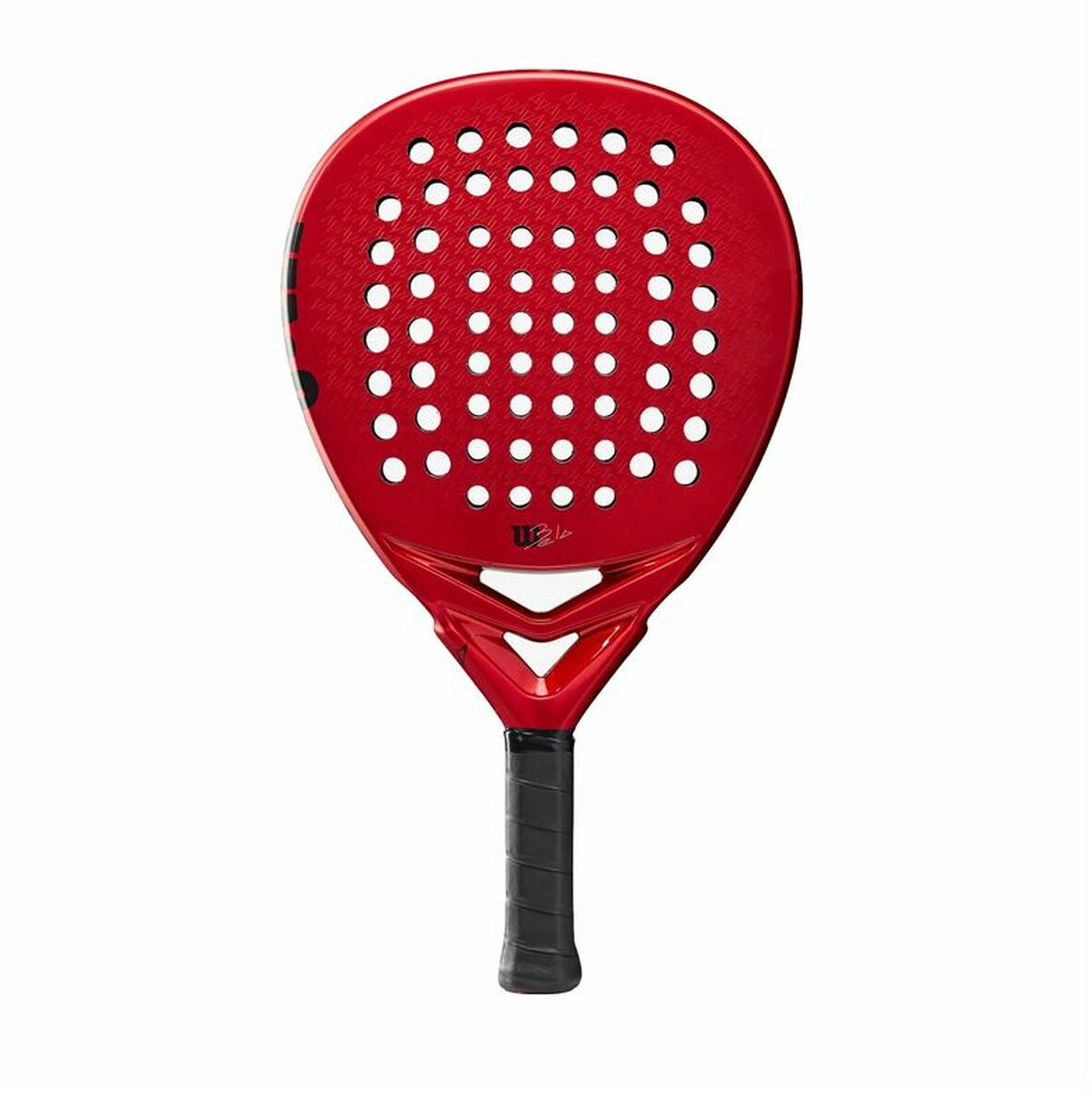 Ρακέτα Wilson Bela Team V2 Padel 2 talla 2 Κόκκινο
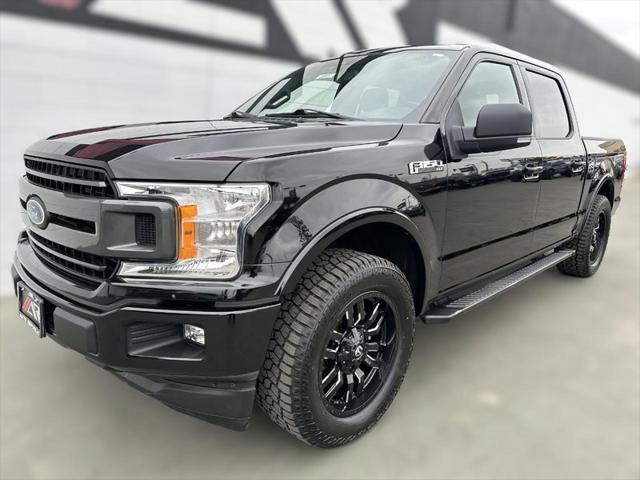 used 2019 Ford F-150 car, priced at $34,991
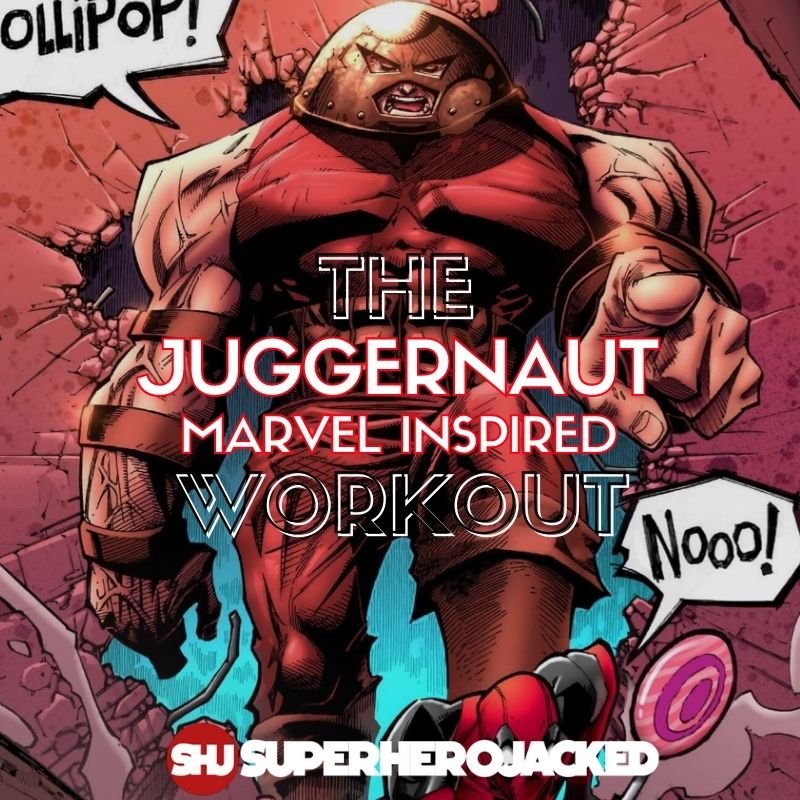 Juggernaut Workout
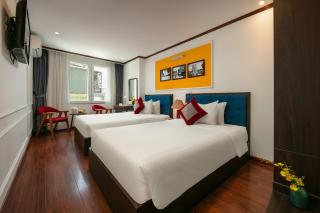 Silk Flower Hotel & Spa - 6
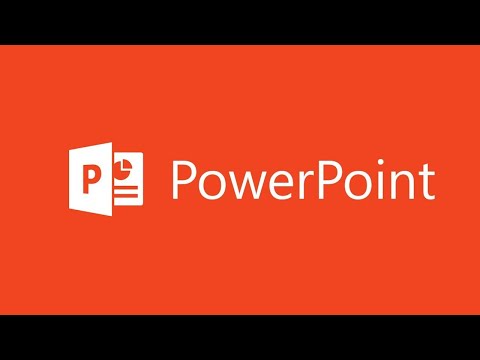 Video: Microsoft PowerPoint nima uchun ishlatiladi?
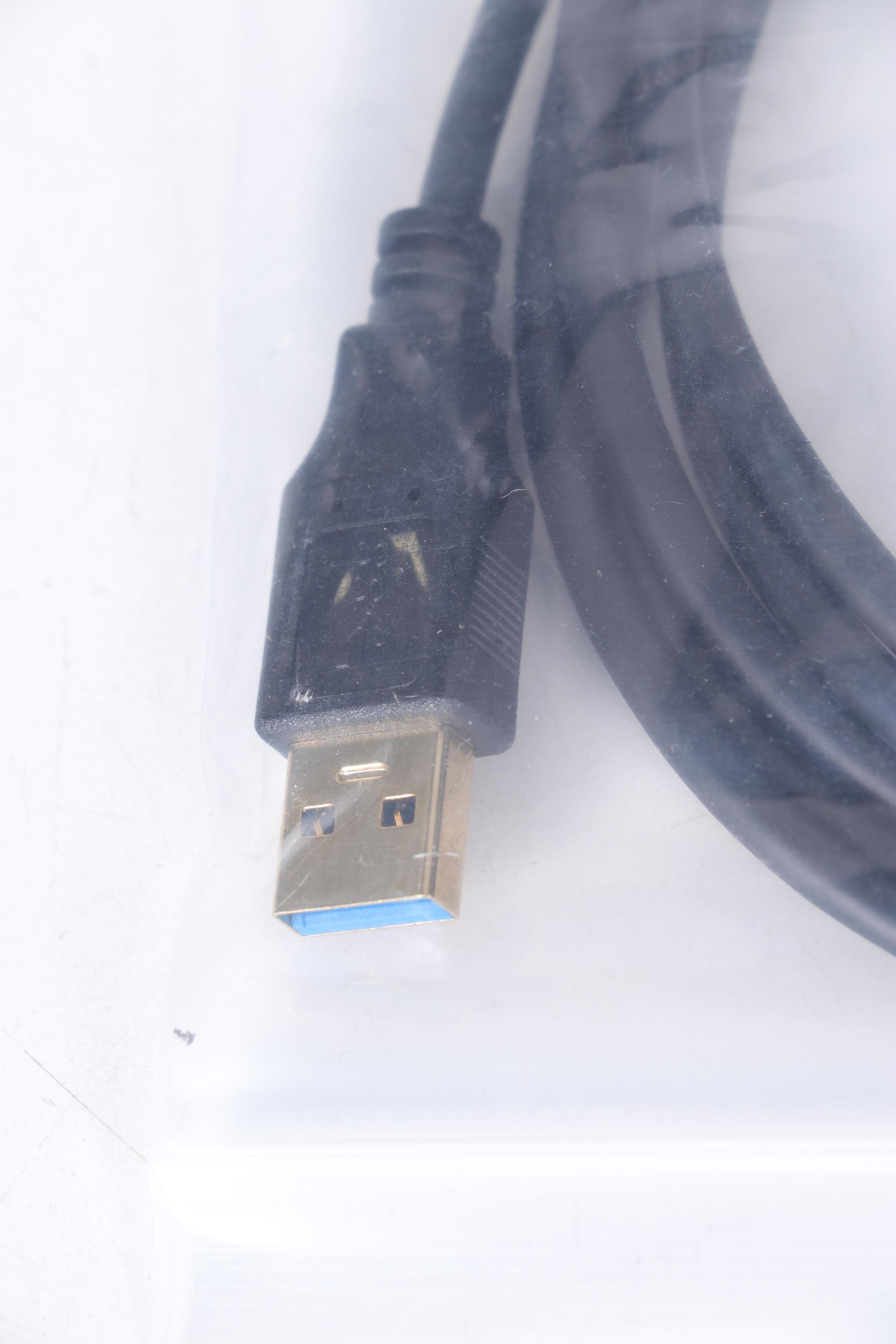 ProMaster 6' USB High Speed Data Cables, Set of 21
==
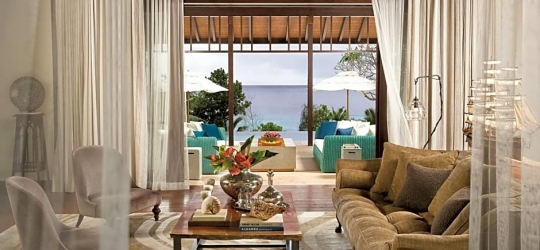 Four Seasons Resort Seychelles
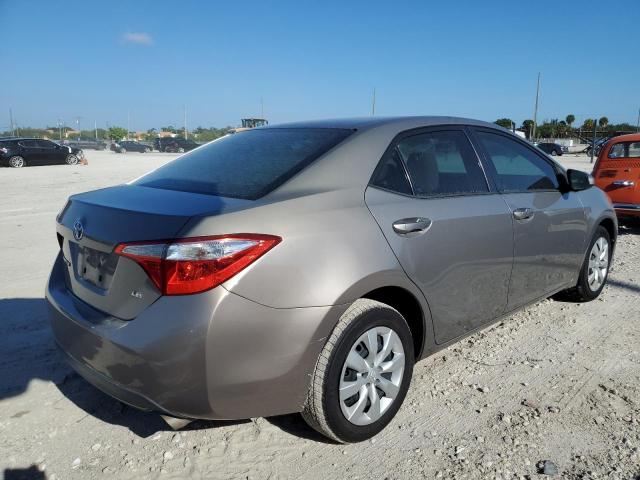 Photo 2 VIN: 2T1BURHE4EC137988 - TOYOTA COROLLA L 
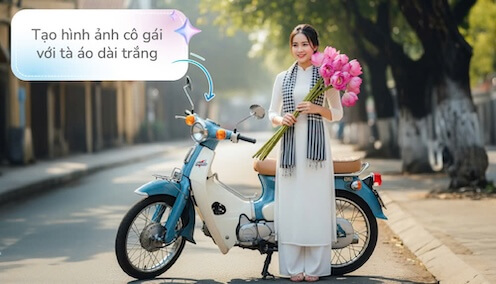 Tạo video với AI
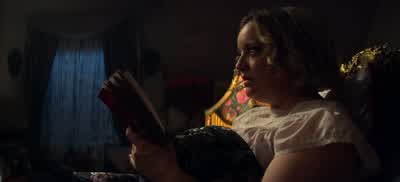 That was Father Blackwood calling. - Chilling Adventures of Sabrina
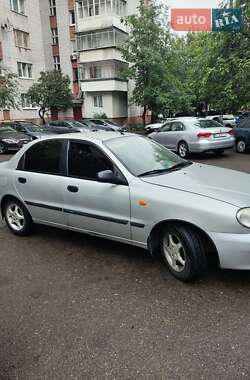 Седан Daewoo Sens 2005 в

▸ **Brief**: Your answer must be everything above from the line with "Silk Flower Hotel & Spa - 6" down to the line with "ProMaster 6' USB", word for word, and no pictures.

▸ **Answer box**:
 Silk Flower Hotel & Spa - 6
 Video: Microsoft PowerPoint nima uchun ishlatiladi?
 ProMaster 6' USB High Speed Data Cables, Set of 21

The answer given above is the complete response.